As is plain from the visual, one-month rVol is 100%ile on a one-year lookback.
Vol expansions — to say nothing of vol shocks and “freak outs” — have consequences, and as per the “toggle” adage, the read-through of the dramatic spike highlighted in red was de-risking, de-leveraging and de-allocation across the vol control universe.
The figure on the left, below, gives you an idea about the scope and rapidity of that de-allocation in recent sessions. It’s quite significant.
On the right are estimates of vol control re-risking / de-risking for different spot outcome distributions over various windows looking out to three months.
As a quick note, that table was current as of August 7 in the US morning. The numbers won’t be exactly the same today, but for our purposes, the point is that the sheer magnitude of the rVol spike means it’s going to take longer — which is to say a prolonged period of contained daily moves — to trigger a meaningful re-risking impulse from vol control strats.
McElligott’s annotations spell it out: Even if the S&P were to settle into an “unchanged” regime and stay there for two weeks, you’d only get around $15 billion of re-allocation flows. We need a month of contained moves to trigger that latent bid in size.

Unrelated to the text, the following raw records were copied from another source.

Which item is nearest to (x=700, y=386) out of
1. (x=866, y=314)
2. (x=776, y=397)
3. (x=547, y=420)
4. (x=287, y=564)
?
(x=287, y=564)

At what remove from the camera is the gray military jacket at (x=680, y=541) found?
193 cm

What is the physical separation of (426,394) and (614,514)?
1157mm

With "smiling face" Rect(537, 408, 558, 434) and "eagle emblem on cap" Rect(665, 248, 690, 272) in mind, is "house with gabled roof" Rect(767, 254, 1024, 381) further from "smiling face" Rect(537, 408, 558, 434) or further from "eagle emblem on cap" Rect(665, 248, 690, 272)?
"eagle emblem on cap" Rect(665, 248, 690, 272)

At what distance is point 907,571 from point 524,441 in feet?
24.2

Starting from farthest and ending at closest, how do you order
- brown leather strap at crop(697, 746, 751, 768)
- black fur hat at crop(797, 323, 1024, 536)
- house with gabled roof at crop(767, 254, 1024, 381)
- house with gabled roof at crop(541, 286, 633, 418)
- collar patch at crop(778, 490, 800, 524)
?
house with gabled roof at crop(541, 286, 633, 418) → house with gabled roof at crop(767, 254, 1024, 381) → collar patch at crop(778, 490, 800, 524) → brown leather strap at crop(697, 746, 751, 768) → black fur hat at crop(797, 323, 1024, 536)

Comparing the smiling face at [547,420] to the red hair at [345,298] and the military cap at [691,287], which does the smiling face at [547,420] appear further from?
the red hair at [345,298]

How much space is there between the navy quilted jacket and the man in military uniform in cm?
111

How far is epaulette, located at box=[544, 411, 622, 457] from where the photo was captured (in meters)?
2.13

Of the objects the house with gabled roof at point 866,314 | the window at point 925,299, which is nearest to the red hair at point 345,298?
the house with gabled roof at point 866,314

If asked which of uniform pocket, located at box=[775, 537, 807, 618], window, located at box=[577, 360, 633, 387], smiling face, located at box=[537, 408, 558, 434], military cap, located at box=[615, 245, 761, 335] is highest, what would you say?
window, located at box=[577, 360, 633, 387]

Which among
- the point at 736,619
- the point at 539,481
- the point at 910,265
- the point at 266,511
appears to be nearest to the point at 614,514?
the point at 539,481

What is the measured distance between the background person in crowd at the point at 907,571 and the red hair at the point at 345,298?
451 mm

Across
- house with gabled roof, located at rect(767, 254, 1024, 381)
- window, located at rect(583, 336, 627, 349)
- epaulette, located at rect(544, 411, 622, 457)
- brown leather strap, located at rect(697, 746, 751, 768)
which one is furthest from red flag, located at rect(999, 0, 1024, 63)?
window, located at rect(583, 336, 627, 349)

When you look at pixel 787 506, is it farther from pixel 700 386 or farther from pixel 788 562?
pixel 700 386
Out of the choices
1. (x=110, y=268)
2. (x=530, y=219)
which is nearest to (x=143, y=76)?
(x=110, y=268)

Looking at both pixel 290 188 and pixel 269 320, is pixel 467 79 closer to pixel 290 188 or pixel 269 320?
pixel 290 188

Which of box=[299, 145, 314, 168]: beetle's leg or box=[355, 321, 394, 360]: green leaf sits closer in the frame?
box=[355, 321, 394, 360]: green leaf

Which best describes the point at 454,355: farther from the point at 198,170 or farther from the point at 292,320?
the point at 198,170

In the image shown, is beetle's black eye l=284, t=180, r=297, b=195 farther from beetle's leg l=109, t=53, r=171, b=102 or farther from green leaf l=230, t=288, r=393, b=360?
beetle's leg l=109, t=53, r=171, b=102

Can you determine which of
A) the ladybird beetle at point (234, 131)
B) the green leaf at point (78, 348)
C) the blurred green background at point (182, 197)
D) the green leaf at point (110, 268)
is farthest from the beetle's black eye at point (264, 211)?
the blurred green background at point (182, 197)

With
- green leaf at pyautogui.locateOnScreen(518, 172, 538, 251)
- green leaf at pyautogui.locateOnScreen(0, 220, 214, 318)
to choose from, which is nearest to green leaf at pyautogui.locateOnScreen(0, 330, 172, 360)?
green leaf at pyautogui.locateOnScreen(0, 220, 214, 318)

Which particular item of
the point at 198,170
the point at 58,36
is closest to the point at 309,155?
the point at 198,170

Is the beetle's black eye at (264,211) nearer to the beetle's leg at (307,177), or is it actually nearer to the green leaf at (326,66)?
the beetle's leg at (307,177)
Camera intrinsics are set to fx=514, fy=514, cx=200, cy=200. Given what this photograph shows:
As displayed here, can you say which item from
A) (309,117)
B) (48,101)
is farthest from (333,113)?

“Trailing realized vols will remain a local headwind to the ‘pile back in’ upside trade,” Charlie wrote. “It’s going to take close to a month of smaller daily trading ranges to begin feeding into lower rVol to allow for re-allocation following the shock-out.”

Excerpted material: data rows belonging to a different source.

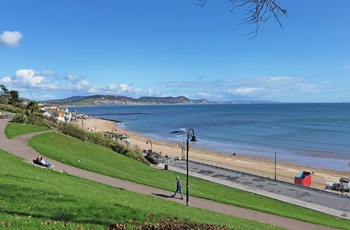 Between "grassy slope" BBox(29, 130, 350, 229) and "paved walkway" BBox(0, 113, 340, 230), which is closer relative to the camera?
"paved walkway" BBox(0, 113, 340, 230)

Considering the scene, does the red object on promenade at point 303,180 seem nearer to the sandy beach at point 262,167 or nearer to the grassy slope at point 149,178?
the sandy beach at point 262,167

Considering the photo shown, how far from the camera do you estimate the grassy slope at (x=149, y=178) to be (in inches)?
688

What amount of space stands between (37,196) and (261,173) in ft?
105

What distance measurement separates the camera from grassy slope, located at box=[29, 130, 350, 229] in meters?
17.5

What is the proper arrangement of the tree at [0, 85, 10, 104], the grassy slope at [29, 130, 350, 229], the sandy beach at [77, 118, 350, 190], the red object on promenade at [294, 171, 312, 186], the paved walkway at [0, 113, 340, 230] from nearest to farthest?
1. the paved walkway at [0, 113, 340, 230]
2. the grassy slope at [29, 130, 350, 229]
3. the red object on promenade at [294, 171, 312, 186]
4. the sandy beach at [77, 118, 350, 190]
5. the tree at [0, 85, 10, 104]

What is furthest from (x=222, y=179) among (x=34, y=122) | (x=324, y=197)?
(x=34, y=122)

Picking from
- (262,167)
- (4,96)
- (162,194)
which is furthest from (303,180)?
(4,96)

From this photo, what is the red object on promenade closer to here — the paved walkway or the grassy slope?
the grassy slope

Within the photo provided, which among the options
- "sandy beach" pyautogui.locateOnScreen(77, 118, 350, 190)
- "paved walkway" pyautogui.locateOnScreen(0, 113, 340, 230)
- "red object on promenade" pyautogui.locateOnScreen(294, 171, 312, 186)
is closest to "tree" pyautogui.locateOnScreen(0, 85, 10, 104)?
"sandy beach" pyautogui.locateOnScreen(77, 118, 350, 190)

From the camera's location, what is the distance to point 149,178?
21.0m

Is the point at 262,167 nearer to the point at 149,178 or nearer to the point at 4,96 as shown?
the point at 149,178

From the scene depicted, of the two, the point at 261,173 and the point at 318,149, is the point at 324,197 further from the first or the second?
the point at 318,149

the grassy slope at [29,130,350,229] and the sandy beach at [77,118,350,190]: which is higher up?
the grassy slope at [29,130,350,229]

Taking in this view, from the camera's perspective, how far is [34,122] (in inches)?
1353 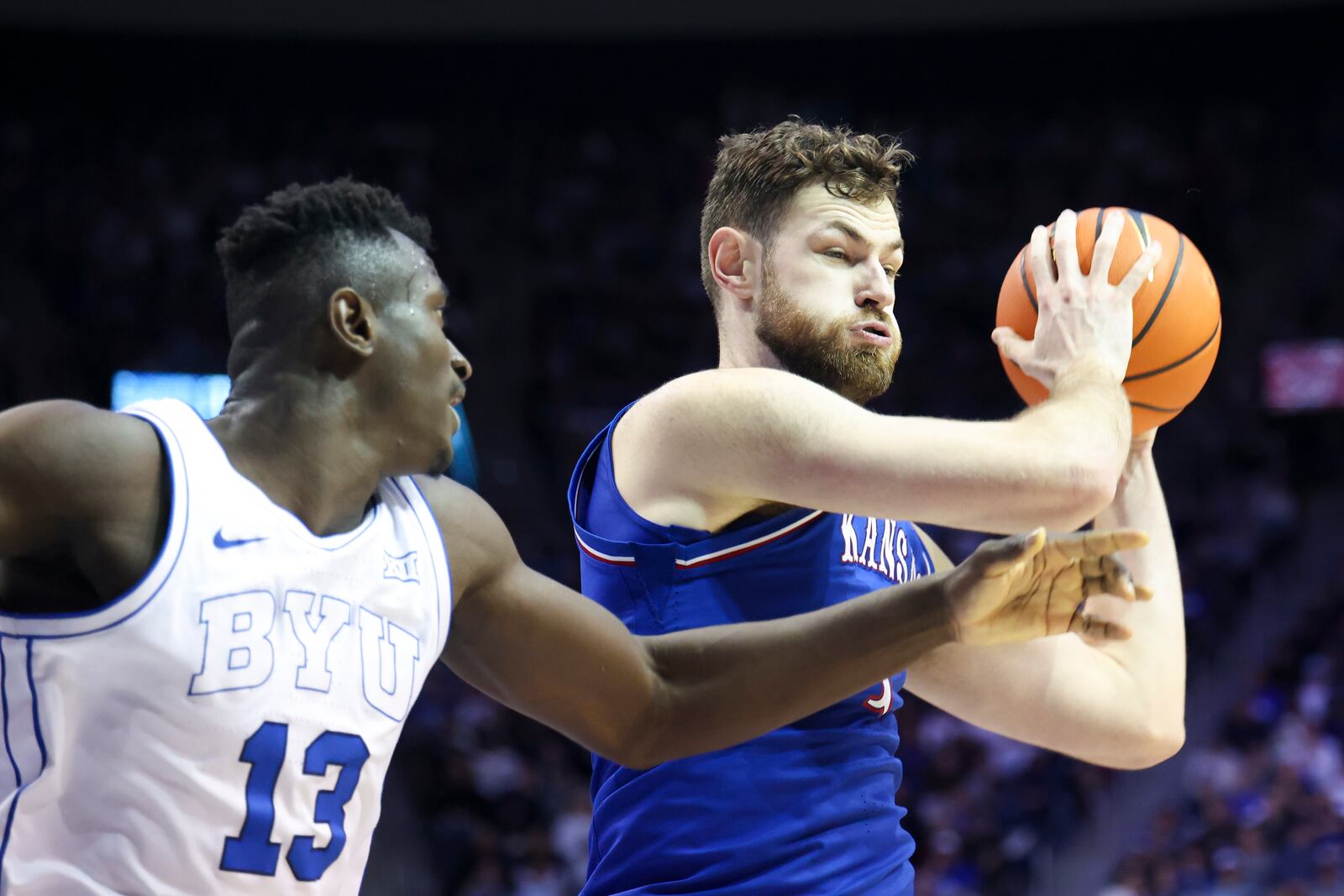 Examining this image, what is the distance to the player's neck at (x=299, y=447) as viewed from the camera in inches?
78.8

Vol expansions have consequences.




This is good info. thanks!
Thank you.
The chart suggests there was around a $125 billion reduction in equity postions. That’s some serious money there.
I’m surprised that the stability/buy again requirements hurdle is so high.
Fun fact: Charlie’s undergraduate degree was in government with a focus on international relations. Dartmouth man. Endorses a diet regimen that has the potential to solve the globe’s overpopulation problem, too, hahaha
Are you suggesting that he is a woke vegetarian dilatant? So much for his thoughts, eh?
If you spent a few seconds researching his diet online, you’d see it’s the exact opposite. And I might be using the word “solve” ironically.
Owlsey Stanley.aka the bear, ended up moving to Australia to be better able to pursue.his meat-only diet.
I still loved him
H-Man, thanks for the link to the podcast. Next week may tell us more about whether vol is settling in or ripping higher. I liked his comments about the carry trade not really having much of an influence in the debacle that happened a few days ago.
Ditto re the podcast link. Also, just want to say I enjoy all posts on McElligott’s views.
CTA funds have more selling to do, per GS. Not giant amounts, but not small – low to mid tens of $BNs I think.
Sounds from McEligott that vol-based funds will not be significant buyers for at least a month.
What major +ve and -ve catalysts in the coming month? NVDA report. Middle East. Macro bad news is bad and I suspect good news could be spun bad, with FOMC in Sept and grown men still begging for flocks of doves.
OTOH, lots of charts at their 200D. And traders who aren’t entirely rules-based will be looking at prices 10-15-20% more attractive than a few weeks ago, on estimates that have held up – reading that 3Q estimates have been trimmed less than normal.
Implies indicies flat to weak for near future?